REQUIRED WORK:
With pictures excluded, copy word for word the lines in the data below from the line containing "une grande piscine" through the line containing "Small, Purple pajama".

DATASET RECORDS:

· · · ·

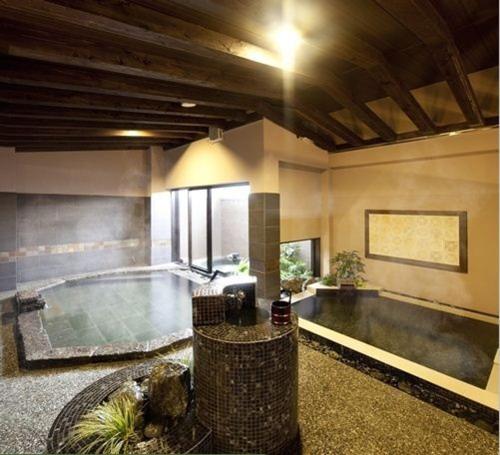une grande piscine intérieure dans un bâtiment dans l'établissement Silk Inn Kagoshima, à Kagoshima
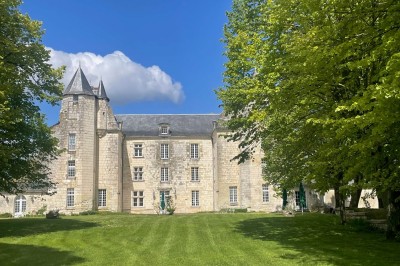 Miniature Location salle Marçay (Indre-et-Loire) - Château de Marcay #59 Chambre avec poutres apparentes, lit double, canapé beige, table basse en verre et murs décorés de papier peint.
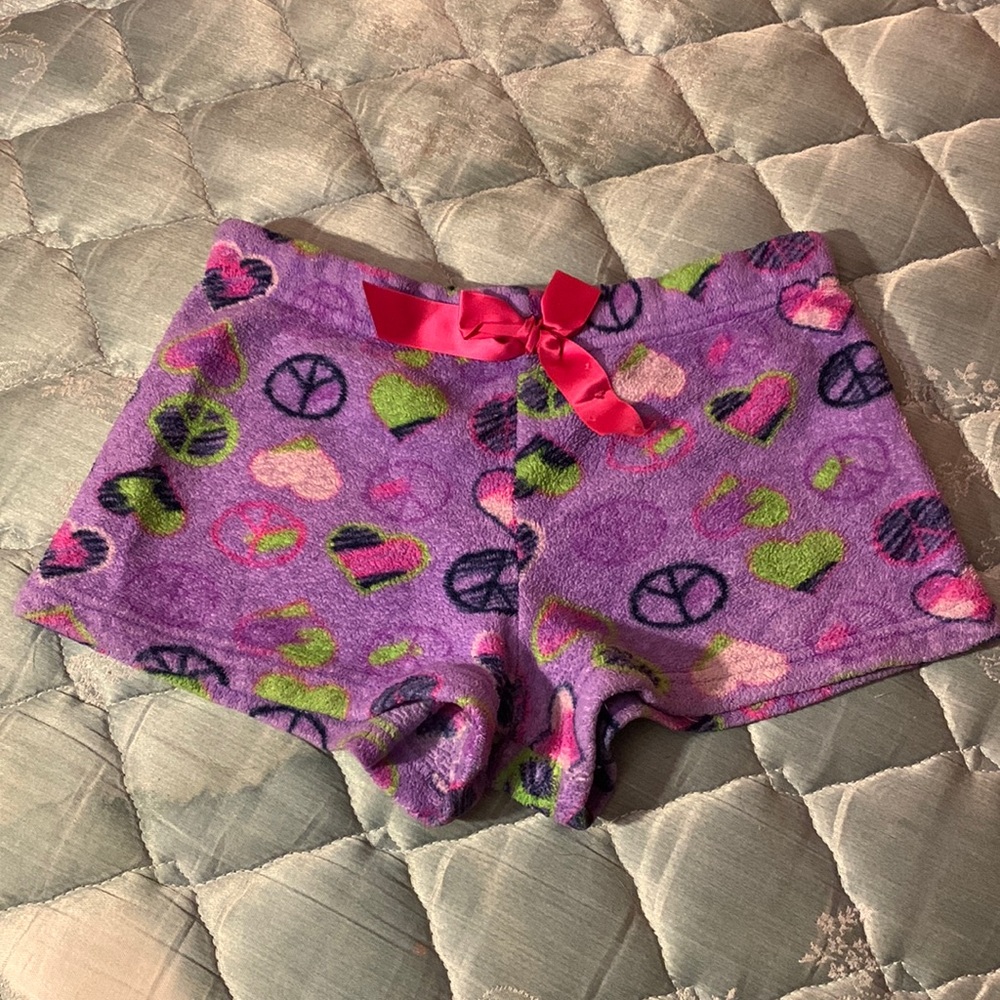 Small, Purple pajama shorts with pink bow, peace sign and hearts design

· · · ·

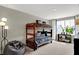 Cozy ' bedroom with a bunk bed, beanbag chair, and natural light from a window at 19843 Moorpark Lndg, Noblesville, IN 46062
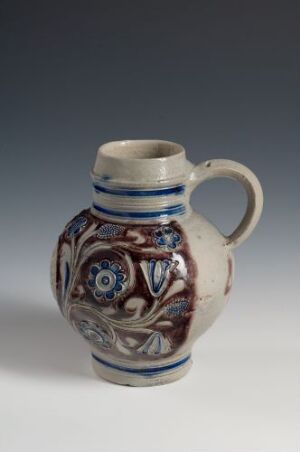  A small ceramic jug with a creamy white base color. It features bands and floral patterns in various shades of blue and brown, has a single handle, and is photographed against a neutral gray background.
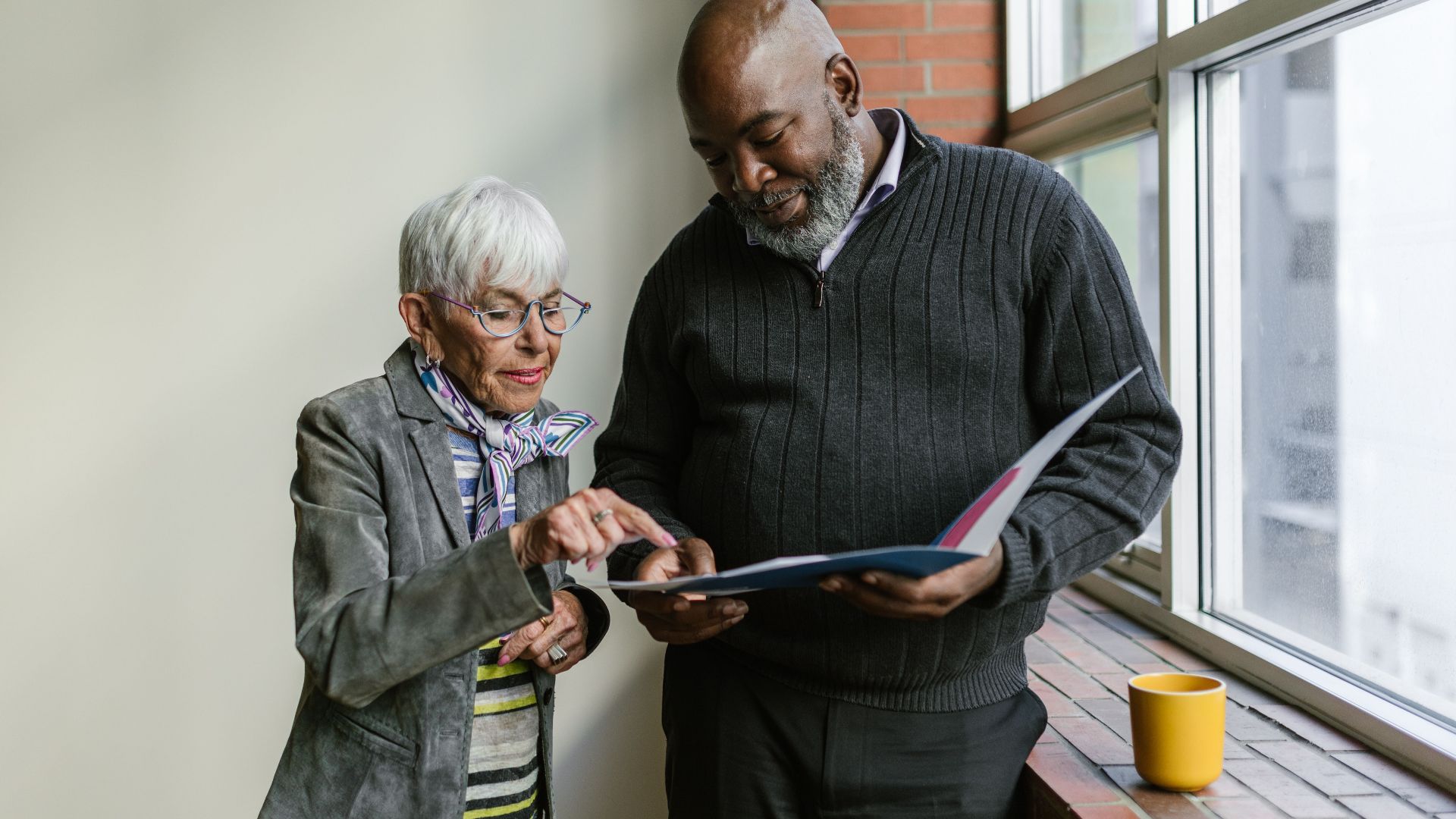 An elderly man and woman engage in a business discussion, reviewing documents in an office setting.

· · · ·

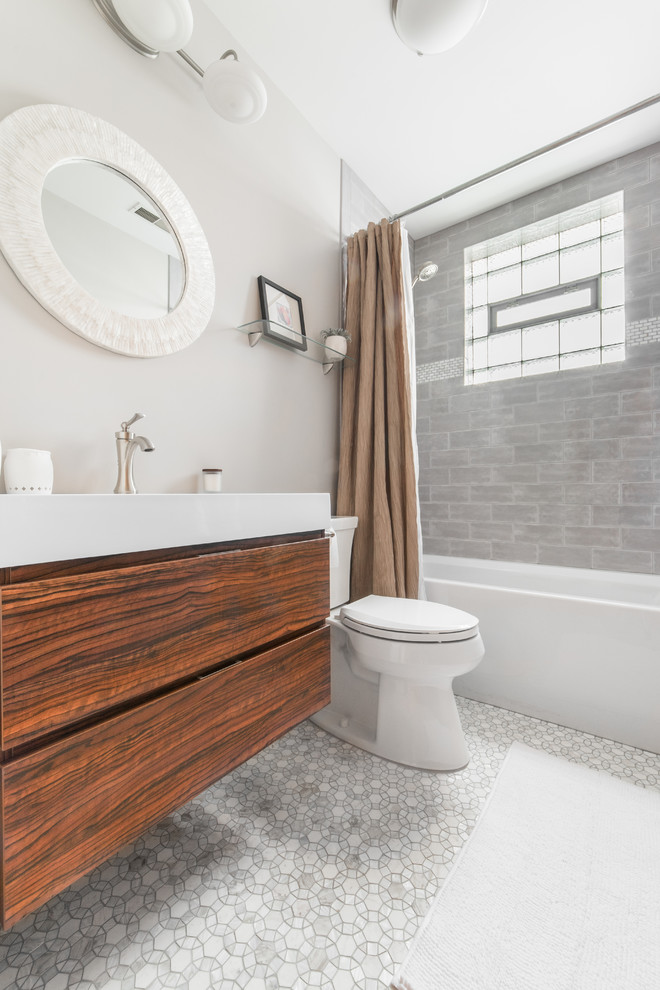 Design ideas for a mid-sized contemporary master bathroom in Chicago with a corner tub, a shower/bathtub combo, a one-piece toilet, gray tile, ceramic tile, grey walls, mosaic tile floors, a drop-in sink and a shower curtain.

· · · ·

YOUR RESPONSE:
une grande piscine intérieure dans un bâtiment dans l'établissement Silk Inn Kagoshima, à Kagoshima
 Miniature Location salle Marçay (Indre-et-Loire) - Château de Marcay #59 Chambre avec poutres apparentes, lit double, canapé beige, table basse en verre et murs décorés de papier peint.
 Small, Purple pajama shorts with pink bow, peace sign and hearts design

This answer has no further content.